Based on the Gargoyles cartoon show (produced by Buena Vista's parent company, Disney), this video game places you in control of Goliath, the leader of the gargoyle clan at Castle Wyvern. The game consists of five levels, each split into several subsections. The first two levels take place in the castle itself in A.D. 995, the remaining three in modern-day New York City.

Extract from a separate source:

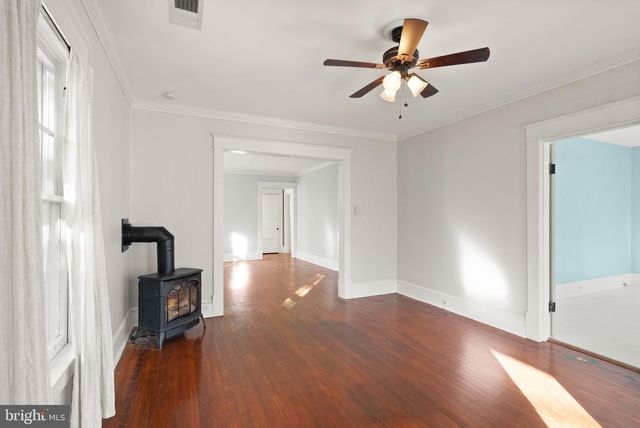 820 LOCUST ST, Herndon, VA 20170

Even players who are familiar with the show will be somewhat confused by the storyline. As the game begins, Viking wizards have created a talisman of great magical power - the Eye of Odin. (In the show, the Eye of Odin is, quite literally the eye of the god Odin, stolen from him at some point in the last thousand years.) Mad with power, they decide to attack, of all things, a small castle in Northern Scotland. As the game progresses, some of the events from the show occur - but in a fairly nonsensical manner. After the second level, despite having defeated the Vikings, you're put under a magic spell for letting the castle be destroyed. Just as in the cartoon, the spell is set to break "when the castle rises above the clouds", and it's done the same way - the castle is placed on a very tall skyscraper. Why anybody would do this, however, is not explained; nor is it apparent why you immediately find yourself waist-deep in malevolent robots. When you reach the end, you discover the source of all the trouble - Demona - but she isn't introduced until exactly this point, and it isn't explained who she is or what she's doing here.

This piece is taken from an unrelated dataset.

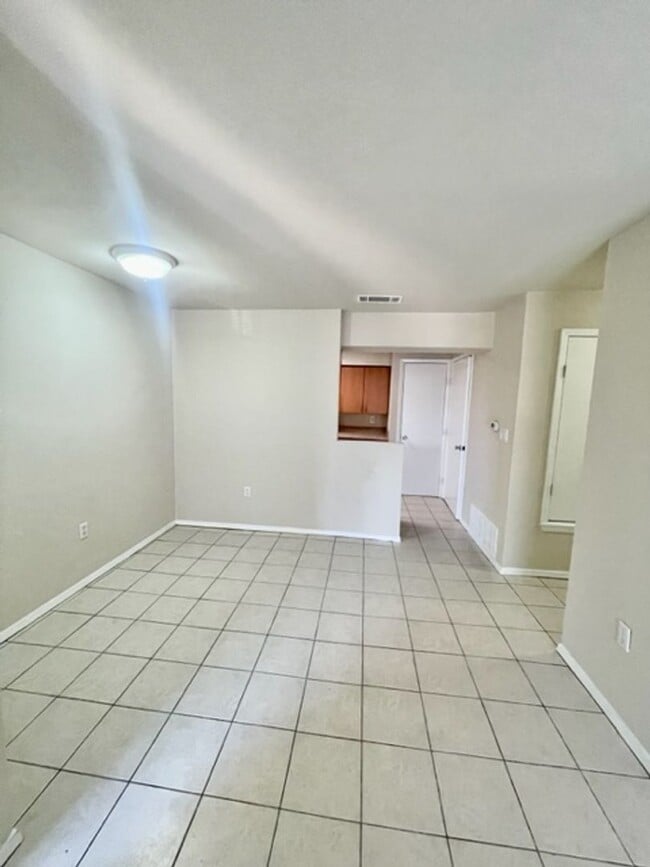 Photo - 1500 Lake Shore Dr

Neither is the gameplay particularly outstanding. All of the enemies and traps are incredibly predictable; unfortunately, that doesn't make it easy to kill them - the patterns they run in often leave you only a fraction of a second to attack. On the other hand, all of the enemies except bosses and the "Thor 3000" robots can be killed simply by throwing them. The bosses themselves get more or less progressively more difficult: the Viking Wizard on the first level is fairly easy to beat; but if you can even get through the three Cerebrus robots to Demona, you then have to face her while avoiding a huge machine gun and some other odd attacks. It is doable, but you'll most likely get frustrated beforehand with having to fight so many mini-bosses to get to her. Replayability is minimal; the difficulty levels simply mean you start with a different number of lives.

Overall, Gargoyles isn't a horrible game, but neither is it very good. It's alright for an hour or so's diversion, but don't go looking for anything particularly challenging or innovative.